Writer fw = new FileWriter(--- // since ... confuses some people

I know we had a discussion the other day about;

List list = new ArrayList();

and why you would do that. I'm curious as to how many people would do
the above with FileWriter, BufferedOutputStream, or FileOutputStream.

And why would you not;

Collection c = new ArrayList();

The other question I had is what do you call that? Is it a cast? A
sort of implicit cast across assignment? Is it mentioned in the JLS
someplace?

It's an implicit widening reference conversion (5.1.5):

--\--
A widening reference conversion exists from any type S to any type T,
provided S is a subtype (§4.10) of T.

Widening reference conversions never require a special action at run
time and therefore never throw an exception at run time. They consist
simply in regarding a reference as having some other type in a manner
that can be proved correct at compile time.

See §8 for the detailed specifications for classes, §9 for interfaces,
and §10 for arrays.
--/--

The type of the variable carries around some documentation of what
promises the code expects from the referenced object. In the case of
List<T>, I try to use the most general interface I can; if I need
get(int) but don't care much about the run time, then obviously it's
got to be a List<T> since indexed get is not provided by
Collection<T>, but if all I'm doing is iterating over the contents
then Iterable<T> might suffice (being slightly more general than
Collection<T>). If the algorithm I'm writing relies on O(1) seek
time, then I'd declare it as ArrayList (in the absence of a
"ConstantTimeSeekingList" interface :).

With the stream decorator patterns I categorize things into sources
(which I pass around as Reader or InputStream instances) and
processors (which I pass around very little, and declare as their
concrete type). Source streams provide the basic stream, and should
be pretty much interchanable, but processors include things like
BufferedReader that provide features not available from the basic
Stream/Reader interfaces.

-O
 
R

Roedy Green

And why would you not;

Collection c = new ArrayList();

because List has ordering/random indexed access methods missing from
Collection, e.g. set(int index, E element);

If you did not need the random indexed access, Collection would be
appropriate. The theory is you use the interface/class with the
smallest number of methods that still lets you get the job done.
 
R

Roedy Green

The other question I had is what do you call that? Is it a cast? A
sort of implicit cast across assignment? Is it mentioned in the JLS
someplace?

Every Dalmatian is automatically a Dog. You can use a Dog reference
to a Dalmatian, but you can only use the Dog methods. This is
explained in every basic Java text book. Someone else might point you
to the lawyerese version of it in the JLS.

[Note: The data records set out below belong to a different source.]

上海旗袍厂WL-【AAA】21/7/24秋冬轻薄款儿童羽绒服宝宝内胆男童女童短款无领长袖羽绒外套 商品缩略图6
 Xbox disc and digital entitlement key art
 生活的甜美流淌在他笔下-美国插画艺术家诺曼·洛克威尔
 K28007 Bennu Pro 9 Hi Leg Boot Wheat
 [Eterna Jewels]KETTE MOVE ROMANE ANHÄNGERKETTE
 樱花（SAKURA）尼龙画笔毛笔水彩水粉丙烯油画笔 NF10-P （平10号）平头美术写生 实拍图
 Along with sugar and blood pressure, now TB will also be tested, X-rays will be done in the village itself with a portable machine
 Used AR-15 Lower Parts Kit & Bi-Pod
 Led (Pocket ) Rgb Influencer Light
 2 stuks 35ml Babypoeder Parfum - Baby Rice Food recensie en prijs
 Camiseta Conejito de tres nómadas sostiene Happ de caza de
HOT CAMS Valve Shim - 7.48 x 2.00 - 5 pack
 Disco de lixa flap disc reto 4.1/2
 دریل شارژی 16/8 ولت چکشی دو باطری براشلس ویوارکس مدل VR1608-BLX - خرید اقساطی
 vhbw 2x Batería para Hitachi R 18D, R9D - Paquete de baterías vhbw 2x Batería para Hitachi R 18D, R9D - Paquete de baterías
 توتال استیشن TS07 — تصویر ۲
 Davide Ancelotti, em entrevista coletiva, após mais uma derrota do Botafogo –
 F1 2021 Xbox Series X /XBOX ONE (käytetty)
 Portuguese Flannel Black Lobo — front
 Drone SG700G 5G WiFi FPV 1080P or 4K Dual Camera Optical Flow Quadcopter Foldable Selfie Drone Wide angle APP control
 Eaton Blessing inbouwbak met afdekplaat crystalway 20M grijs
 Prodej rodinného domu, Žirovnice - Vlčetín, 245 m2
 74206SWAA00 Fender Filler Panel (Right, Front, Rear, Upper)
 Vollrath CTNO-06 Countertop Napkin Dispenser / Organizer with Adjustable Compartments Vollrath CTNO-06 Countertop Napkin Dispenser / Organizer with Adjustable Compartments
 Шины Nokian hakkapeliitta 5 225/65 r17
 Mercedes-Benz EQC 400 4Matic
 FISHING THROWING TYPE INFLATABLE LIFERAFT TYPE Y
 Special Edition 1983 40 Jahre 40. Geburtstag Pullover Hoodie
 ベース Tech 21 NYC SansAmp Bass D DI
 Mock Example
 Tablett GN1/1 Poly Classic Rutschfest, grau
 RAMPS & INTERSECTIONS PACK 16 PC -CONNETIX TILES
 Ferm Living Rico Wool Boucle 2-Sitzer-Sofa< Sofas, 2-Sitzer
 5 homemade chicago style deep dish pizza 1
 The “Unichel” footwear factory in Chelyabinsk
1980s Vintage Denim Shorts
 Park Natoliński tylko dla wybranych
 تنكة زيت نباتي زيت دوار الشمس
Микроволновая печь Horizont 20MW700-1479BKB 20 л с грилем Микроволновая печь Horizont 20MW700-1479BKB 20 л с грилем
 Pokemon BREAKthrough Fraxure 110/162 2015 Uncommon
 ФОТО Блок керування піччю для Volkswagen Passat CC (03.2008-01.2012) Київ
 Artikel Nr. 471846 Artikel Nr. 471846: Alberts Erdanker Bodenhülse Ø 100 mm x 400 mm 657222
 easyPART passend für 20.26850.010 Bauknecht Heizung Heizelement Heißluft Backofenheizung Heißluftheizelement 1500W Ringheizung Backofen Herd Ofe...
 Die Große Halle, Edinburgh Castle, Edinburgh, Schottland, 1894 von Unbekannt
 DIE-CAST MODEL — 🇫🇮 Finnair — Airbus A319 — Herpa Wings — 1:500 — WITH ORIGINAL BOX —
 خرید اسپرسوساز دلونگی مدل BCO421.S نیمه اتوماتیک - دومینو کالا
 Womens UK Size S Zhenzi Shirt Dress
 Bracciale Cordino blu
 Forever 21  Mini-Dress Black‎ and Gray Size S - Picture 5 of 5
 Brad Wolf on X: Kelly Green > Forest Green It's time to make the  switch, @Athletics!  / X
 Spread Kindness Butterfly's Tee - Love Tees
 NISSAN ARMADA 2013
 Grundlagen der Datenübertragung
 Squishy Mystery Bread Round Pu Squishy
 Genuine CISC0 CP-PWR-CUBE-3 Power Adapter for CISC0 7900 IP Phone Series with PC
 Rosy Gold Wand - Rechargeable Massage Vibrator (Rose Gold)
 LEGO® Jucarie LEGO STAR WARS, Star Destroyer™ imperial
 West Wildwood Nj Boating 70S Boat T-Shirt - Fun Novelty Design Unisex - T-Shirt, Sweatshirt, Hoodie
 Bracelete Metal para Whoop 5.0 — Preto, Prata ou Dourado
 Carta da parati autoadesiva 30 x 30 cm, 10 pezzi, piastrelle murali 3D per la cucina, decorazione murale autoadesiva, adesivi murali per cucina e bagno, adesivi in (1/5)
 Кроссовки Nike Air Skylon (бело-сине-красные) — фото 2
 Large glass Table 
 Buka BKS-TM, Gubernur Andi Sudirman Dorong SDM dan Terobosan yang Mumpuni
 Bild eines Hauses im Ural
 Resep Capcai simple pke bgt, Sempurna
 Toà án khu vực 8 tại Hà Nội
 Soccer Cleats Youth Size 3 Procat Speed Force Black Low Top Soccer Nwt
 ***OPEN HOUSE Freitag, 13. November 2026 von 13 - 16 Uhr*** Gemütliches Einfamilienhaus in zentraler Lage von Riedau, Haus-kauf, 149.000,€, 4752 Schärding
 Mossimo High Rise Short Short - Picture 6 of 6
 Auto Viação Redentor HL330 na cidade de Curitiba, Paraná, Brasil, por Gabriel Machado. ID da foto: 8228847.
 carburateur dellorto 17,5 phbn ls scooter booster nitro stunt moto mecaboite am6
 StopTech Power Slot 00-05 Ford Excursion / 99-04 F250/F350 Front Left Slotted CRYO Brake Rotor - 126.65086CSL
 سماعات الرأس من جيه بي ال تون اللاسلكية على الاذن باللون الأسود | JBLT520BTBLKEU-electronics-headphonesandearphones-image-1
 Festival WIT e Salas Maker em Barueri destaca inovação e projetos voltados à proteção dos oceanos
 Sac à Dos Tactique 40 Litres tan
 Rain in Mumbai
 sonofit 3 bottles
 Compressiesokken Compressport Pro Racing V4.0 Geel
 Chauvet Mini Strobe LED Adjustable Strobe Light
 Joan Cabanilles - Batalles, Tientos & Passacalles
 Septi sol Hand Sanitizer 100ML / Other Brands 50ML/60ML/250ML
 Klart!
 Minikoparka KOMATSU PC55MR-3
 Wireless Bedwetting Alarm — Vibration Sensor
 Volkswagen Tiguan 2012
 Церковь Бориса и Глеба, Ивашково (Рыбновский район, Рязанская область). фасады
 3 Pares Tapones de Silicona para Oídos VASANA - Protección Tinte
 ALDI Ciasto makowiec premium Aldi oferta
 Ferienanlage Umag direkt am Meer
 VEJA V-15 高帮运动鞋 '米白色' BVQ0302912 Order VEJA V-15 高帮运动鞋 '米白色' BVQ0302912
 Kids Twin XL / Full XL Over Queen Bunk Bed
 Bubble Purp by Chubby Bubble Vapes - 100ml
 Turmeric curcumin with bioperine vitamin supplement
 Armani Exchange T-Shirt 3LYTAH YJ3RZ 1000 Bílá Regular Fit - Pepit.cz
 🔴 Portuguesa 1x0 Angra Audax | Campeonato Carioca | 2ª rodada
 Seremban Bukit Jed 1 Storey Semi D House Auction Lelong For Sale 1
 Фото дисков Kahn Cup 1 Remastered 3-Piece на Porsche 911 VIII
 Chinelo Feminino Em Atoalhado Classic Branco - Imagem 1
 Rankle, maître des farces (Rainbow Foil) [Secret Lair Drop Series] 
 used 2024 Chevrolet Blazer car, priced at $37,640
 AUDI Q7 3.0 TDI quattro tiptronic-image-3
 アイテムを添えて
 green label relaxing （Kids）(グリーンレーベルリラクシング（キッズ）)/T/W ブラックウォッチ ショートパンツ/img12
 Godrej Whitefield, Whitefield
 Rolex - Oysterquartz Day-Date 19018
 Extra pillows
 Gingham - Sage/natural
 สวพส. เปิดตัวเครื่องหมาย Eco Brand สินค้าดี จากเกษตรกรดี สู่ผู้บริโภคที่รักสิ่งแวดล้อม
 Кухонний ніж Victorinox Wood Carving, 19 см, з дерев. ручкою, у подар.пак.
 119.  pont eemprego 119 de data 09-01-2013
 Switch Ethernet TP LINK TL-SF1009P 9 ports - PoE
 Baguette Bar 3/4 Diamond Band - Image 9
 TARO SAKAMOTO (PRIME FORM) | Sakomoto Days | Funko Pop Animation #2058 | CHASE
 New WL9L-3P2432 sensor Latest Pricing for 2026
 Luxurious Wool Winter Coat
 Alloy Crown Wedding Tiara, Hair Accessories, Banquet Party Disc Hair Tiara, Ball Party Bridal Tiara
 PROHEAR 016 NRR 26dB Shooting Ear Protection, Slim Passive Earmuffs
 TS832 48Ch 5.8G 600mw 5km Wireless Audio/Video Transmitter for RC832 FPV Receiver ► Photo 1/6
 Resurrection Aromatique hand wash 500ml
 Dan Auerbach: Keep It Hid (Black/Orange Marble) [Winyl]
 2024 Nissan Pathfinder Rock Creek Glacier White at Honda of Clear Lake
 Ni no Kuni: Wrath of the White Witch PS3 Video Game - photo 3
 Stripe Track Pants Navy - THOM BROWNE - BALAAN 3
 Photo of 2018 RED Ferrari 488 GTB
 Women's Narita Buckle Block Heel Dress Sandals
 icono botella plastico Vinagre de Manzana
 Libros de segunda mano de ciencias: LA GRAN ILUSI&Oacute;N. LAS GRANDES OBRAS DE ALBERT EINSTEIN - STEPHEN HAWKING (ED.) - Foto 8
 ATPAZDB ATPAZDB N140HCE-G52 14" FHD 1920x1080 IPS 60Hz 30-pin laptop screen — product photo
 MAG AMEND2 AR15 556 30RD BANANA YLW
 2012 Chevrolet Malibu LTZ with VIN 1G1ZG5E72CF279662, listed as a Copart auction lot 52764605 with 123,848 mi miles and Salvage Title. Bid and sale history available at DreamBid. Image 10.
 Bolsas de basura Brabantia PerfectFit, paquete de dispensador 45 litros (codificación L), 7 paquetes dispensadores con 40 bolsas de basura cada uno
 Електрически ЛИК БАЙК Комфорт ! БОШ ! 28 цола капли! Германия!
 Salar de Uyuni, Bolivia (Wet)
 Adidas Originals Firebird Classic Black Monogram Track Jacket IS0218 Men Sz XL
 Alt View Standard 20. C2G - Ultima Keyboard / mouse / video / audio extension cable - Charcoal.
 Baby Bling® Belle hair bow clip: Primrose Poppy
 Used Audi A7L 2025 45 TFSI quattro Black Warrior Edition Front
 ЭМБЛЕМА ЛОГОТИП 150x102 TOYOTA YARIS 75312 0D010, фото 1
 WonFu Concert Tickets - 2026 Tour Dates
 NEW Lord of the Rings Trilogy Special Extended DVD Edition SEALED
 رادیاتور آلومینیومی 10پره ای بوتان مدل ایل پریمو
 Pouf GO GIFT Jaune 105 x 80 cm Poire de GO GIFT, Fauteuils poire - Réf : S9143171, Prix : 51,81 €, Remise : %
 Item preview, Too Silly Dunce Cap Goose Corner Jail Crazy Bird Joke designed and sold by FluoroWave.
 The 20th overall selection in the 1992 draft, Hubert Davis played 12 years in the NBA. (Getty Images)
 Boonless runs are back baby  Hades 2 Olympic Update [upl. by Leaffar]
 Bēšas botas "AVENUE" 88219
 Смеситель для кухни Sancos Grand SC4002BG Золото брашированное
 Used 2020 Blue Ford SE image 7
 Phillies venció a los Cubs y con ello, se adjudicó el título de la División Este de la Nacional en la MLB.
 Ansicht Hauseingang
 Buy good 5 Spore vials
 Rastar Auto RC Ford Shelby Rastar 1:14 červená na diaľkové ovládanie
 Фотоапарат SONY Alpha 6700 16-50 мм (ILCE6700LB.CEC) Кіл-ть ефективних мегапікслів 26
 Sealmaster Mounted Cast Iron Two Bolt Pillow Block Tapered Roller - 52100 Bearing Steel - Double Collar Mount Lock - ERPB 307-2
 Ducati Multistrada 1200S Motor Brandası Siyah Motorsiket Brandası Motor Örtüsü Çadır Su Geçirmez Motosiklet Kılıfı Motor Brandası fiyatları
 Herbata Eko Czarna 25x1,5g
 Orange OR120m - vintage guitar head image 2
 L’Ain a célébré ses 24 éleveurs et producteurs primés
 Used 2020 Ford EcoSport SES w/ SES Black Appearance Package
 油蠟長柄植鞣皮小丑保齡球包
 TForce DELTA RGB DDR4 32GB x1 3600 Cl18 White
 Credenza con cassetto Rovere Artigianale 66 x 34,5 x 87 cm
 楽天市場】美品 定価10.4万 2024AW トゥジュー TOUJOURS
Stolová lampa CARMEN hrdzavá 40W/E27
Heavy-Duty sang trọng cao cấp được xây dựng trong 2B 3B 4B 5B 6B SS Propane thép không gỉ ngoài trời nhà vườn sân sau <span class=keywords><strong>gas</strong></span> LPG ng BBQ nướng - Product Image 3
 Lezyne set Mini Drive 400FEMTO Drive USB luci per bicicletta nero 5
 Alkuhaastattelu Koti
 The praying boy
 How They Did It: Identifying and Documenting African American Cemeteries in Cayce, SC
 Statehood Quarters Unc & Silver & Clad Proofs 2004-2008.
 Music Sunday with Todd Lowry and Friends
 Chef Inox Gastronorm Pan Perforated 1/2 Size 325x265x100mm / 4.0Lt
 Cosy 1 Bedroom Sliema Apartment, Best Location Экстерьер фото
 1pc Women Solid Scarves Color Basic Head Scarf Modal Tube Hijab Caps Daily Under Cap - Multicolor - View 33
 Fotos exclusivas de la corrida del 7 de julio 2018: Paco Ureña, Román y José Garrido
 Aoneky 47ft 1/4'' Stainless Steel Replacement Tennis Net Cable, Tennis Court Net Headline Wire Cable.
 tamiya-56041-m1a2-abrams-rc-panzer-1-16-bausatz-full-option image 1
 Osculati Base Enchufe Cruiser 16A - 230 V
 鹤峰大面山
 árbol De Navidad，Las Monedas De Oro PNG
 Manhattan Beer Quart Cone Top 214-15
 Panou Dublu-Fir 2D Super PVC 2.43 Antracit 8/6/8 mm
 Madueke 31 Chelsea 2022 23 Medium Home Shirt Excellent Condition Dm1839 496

see http://mindprod.com/jgloss/dalmatian.html
 
R

Roedy Green

and why you would do that. I'm curious as to how many people would do
the above with FileWriter, BufferedOutputStream, or FileOutputStream.

Because when you use a FileWriter, BufferedOutputStream,
BufferedOutputStream, etc you often need access to all the specific
methods.

For example you would not write:

Writer caw = new CharArrayWriter(1000);

because you could not write:

char[] results = caw.toCharArray();

The catch is the various flavours of Writers are not quite as
interchangeable as Collections or Lists. The interfaces they implement
are primarily documentation to group similar classes.
 
P

Patricia Shanahan

Knute Johnson wrote:
....
Collection c = new ArrayList();

The other question I had is what do you call that? Is it a cast? A
sort of implicit cast across assignment? Is it mentioned in the JLS
someplace?
....

It is assignment conversion, mentioned in the description of the simple
assignment operator at
http://java.sun.com/docs/books/jls/third_edition/html/expressions.html#15.26.1

"A compile-time error occurs if the type of the right-hand operand
cannot be converted to the type of the variable by assignment conversion
(§5.2)."

Assignment conversion, defined in section 5.2, can be any of:

# an identity conversion (§5.1.1)
# a widening primitive conversion (§5.1.2)
# a widening reference conversion (§5.1.5)
# a boxing conversion (§5.1.7) optionally followed by a widening
reference conversion
# an unboxing conversion (§5.1.8) optionally followed by a widening
primitive conversion.

In this particular case, it is a widening reference conversion.

Patricia
 
M

Mike Schilling

Knute said:
I saw some code go by today that was;

Writer fw = new FileWriter(--- // since ... confuses some people

A bit off the point, but FileWriter and FileReader are evil and/or useless,
since they don't allow an encoding to be specified. The proper way to
create a Writer that writes to files is

new OutputStreamWriter(new FileOutputStream(file), encoding)
 
L

lyallex

Knute said:
I saw some code go by today that was;

Writer fw = new FileWriter(--- // since ... confuses some people

I know we had a discussion the other day about;

List list = new ArrayList();

and why you would do that. I'm curious as to how many people would do
the above with FileWriter, BufferedOutputStream, or FileOutputStream.

And why would you not;

Collection c = new ArrayList();

I didn't read the earlier discussion so may be going over old ground

One really cool thing about interface polymorphism is that it allows you
to write components that provide clients with an abstraction, leaving
room in the brain for the things that really matter.

A component with a published interface of (say)

public List foo() tells clients that they are getting a List and should
only do List like things with it. They probably have more important
things to worry about than your implementation of the component

Internally to foo() of course I may decide to use an ArrayList to do my
work then I might use List l = new ArrayList(). Why might I do this ?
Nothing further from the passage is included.